In addition, WHO recommends several actions to improve the food environment in schools. These include establishing clear nutrition standards, ensuring the availability of healthy food options, restricting the marketing of unhealthy products to children, encouraging healthier choices, and adopting pricing strategies that make nutritious foods more accessible and affordable.

These actions are particularly important in the face of pervasive advertising that normalises unhealthy eating and allows industries to target children and young people with products designed to maximise profits, even as preventable illnesses such as obesity and diabetes continue to rise.

Another recommendation is the use of front-of-package warning labels (FOPWL), which is a simple, practical, and effective tool to inform the public about products that can harm health and help guide purchasing decisions.

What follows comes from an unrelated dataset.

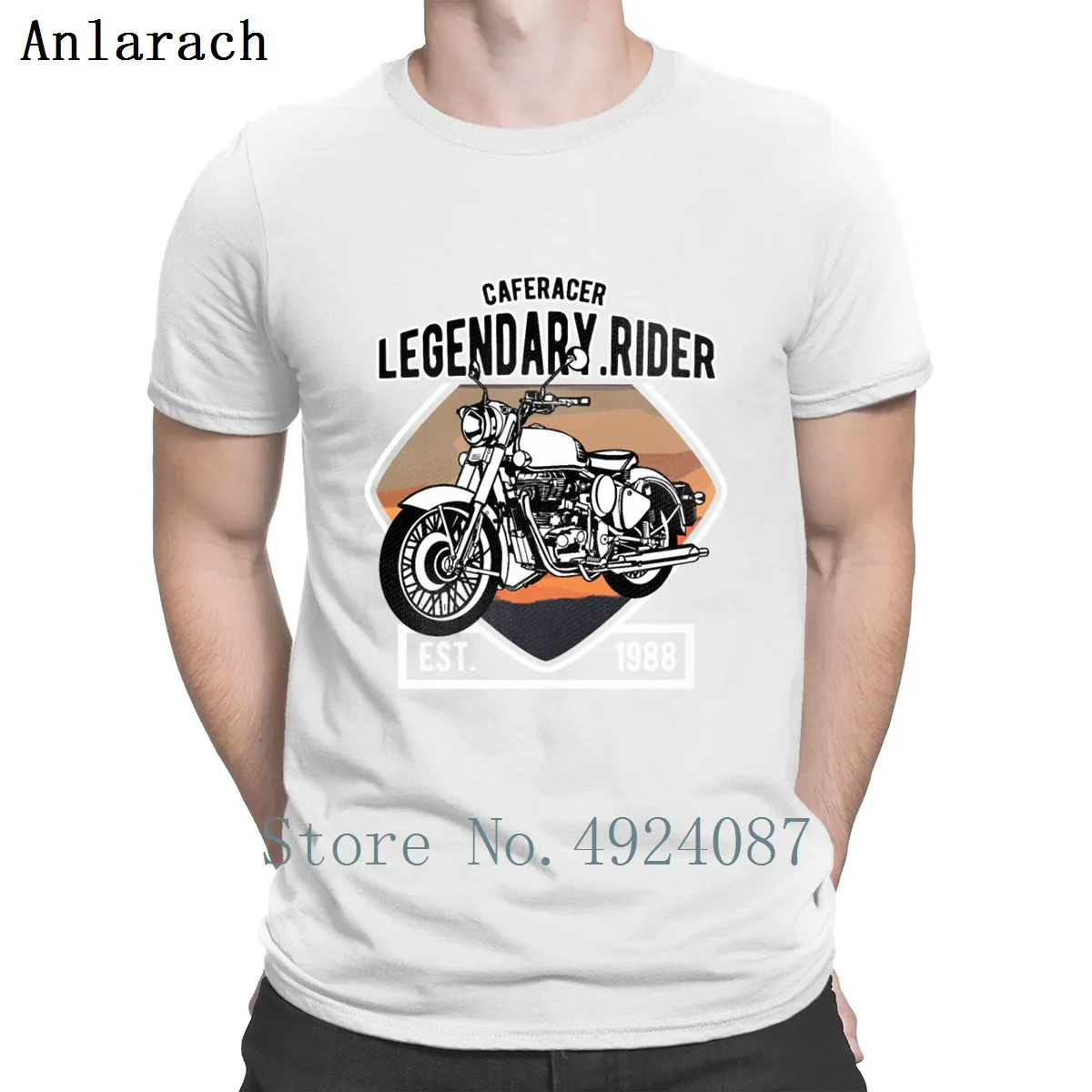 Caferacer футболка с изображением легендарного гонщика хлопковая летняя Стильная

For parents like Joanna, clearer food labelling could make a difference.

“I try to read the labels, but the print is so fine half the time you can barely make it out. And, even when you do read it, plenty of it still doesn’t make much sense,” she says. “If it is hard for me to put that in perspective, imagine how much harder it is for Kayli.”

PAHO continues to advocate for simple front-of-package warning labels that allow families to quickly identify foods that are high in sugar, salt, and other ingredients of concern. The organisation also supports strong and enforceable policies, including restrictions on the marketing of unhealthy foods and beverages to children.

For Kayli, the choice at the tuck shop is simple. She buys what tastes good and what her money can afford.

For parents, school administrators, and policymakers, the challenge is ensuring that the healthy choice becomes the easy choice for children.